A century prior to observations made by Wolf, English philosopher E. Belfort Bax observed the same bifurcation within first wave feminism, describing a grandiose form of activism he referred to as ‘political feminism’ which concerned itself with claiming equal rights and privileges for women without demonstrating commensurate achievements, capabilities, responsibilities or sacrifices with men, and secondly a vulnerable kind he called ‘sentimental feminism’ which concerned itself with securing sympathies toward women while at the same time fostering antipathy toward men. Bax made the observation that these two forms of activism often occurred in individual feminists who would oscillate between these modes of expression depending on which one was momentarily efficacious for securing power. (Bax, 1913).


Bax, E. B. (1913). The Fraud of Feminism. Grant Richards.

Denfeld, R. (2009). The new Victorians: A young woman’s challenge to the old feminist order. Hachette UK.
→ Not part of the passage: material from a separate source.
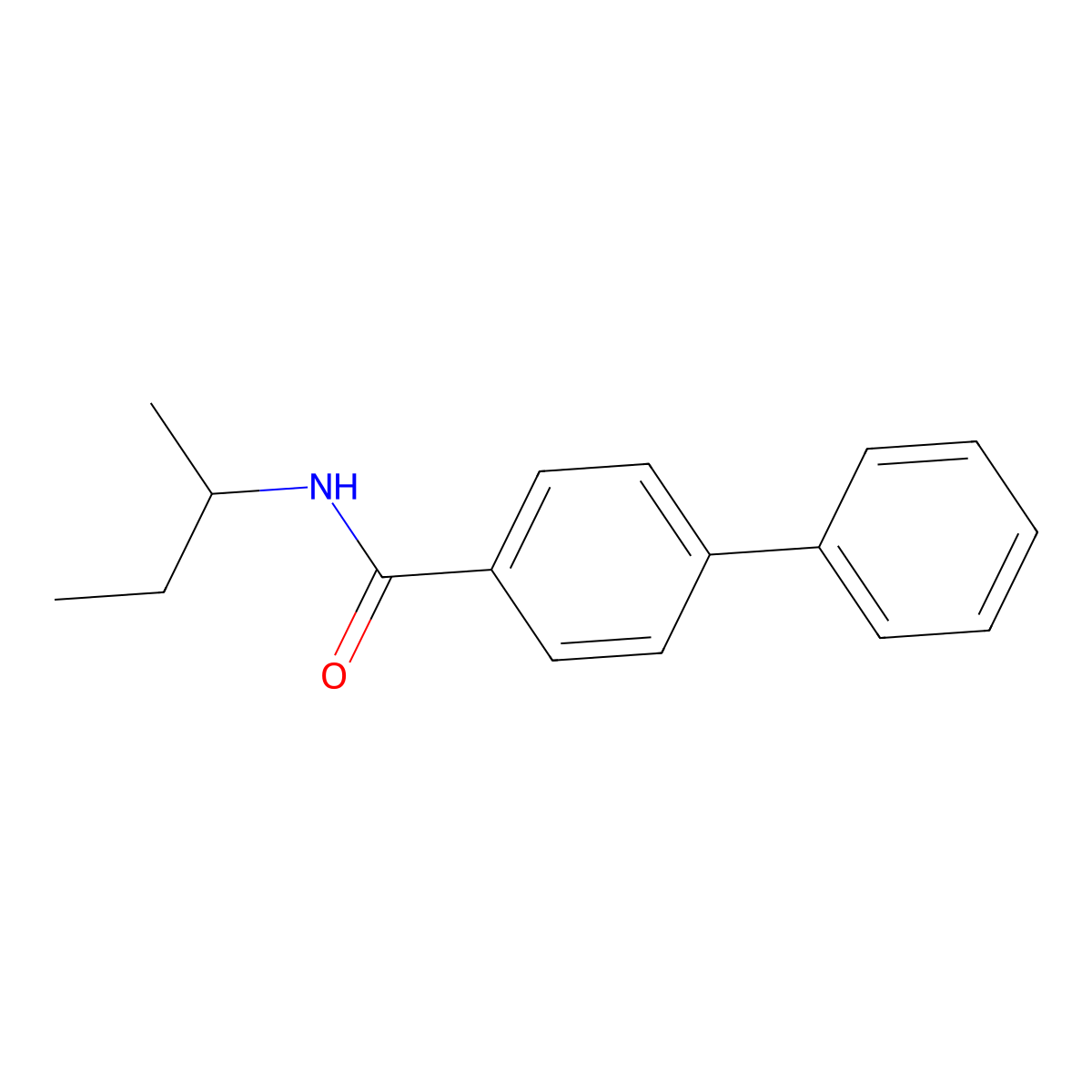 N-butan-2-yl-4-phenylbenzamide molecular structure, CAS 322763-64-4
Roiphe, K. (1993). The morning after: Fear, sex, and feminism on college campuses. Boston, Mass.

Sar, V., & Türk-Kurtça, T. (2021). The vicious cycle of traumatic narcissism and dissociative depression among young adults: A trans-diagnostic approach. Journal of Trauma & Dissociation, 22(5), 502-521.

Sommers, C. H. (1995). Who stole feminism?: How women have betrayed women. Simon and Schuster

Taneja, S., & Goyal, P. (2019). Impact of Feminism on Narcissism and Tolerance for Disagreement among Females. Indian Journal of Mental Health, 6(1).

Tyler, I. (2005). ‘Who put the “Me” in feminism?’ The sexual politics of narcissism. Feminist Theory, 6(1), 25-44.

Wolf, N. (2013). Fire with fire: New female power and how it will change the twenty-first century. Random House.

* A version of this extract was first printed in the New Male Studies article ‘Gynocentrism As A Narcissistic Pathology – Part 2.